**Task item**
Below this line is a listing that includes pictures. Copy exactly, and only, the lines from the one containing "Портативна тонколонка с" through the one containing "Vista 4 de AVMTOM"; the pictures do not go in the copy.

**Data shown**
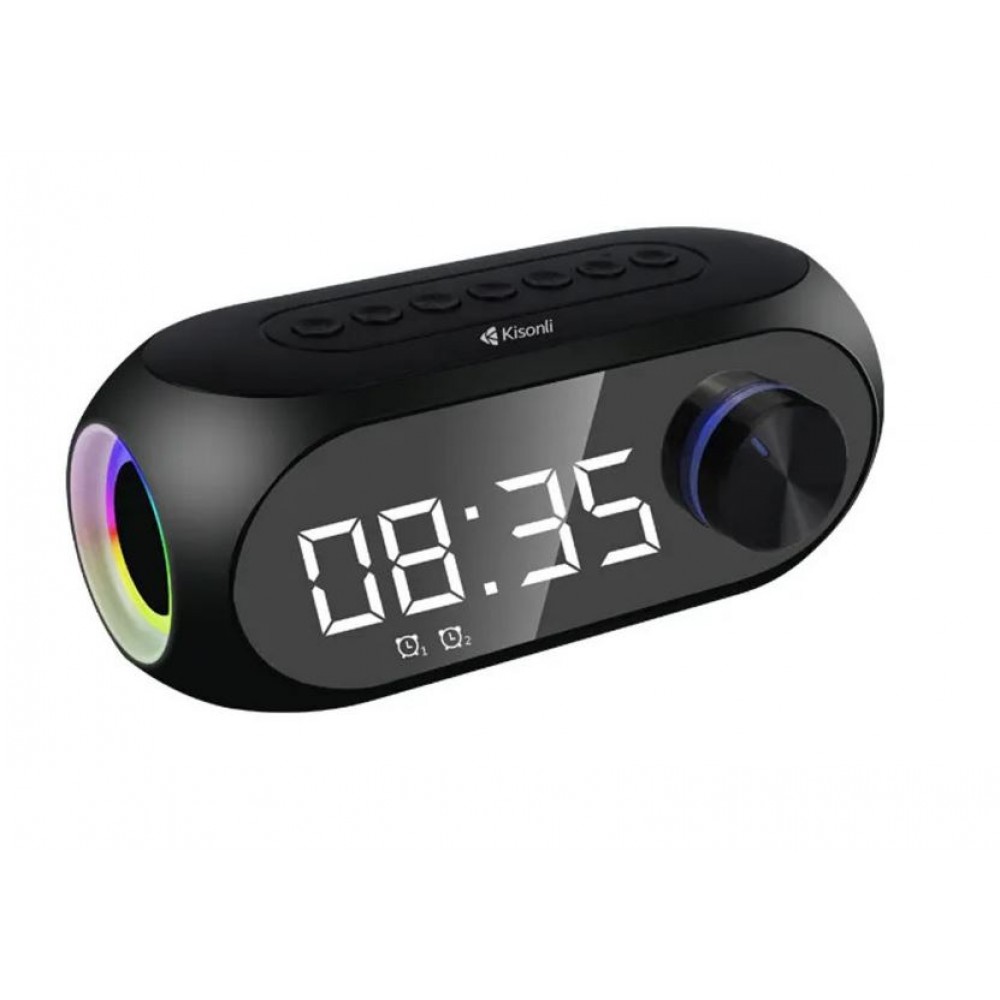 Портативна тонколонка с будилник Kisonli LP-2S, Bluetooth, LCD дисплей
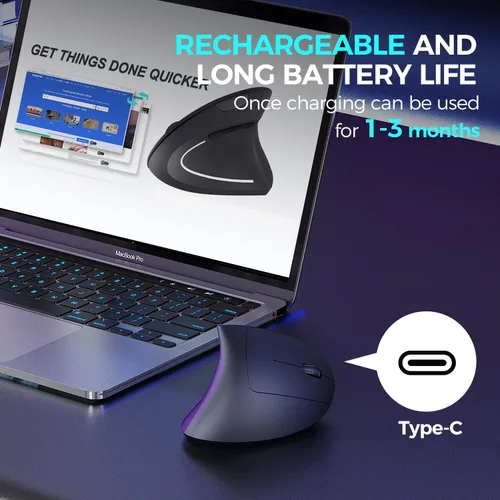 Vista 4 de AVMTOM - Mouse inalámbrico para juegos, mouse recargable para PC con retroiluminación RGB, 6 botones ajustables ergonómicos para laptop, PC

---

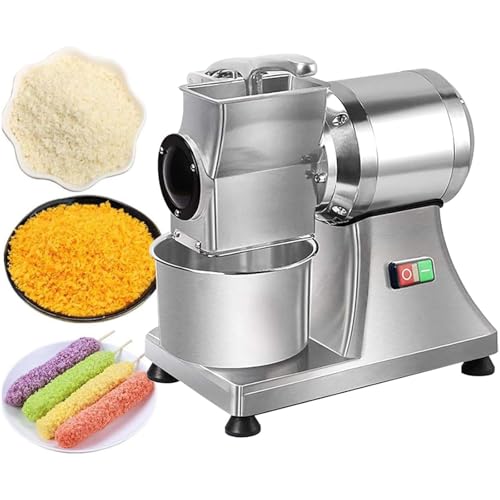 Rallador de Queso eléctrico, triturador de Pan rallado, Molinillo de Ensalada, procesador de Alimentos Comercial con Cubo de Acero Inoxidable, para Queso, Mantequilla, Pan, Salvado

**Solution**
 Портативна тонколонка с будилник Kisonli LP-2S, Bluetooth, LCD дисплей
 Vista 4 de AVMTOM - Mouse inalámbrico para juegos, mouse recargable para PC con retroiluminación RGB, 6 botones ajustables ergonómicos para laptop, PC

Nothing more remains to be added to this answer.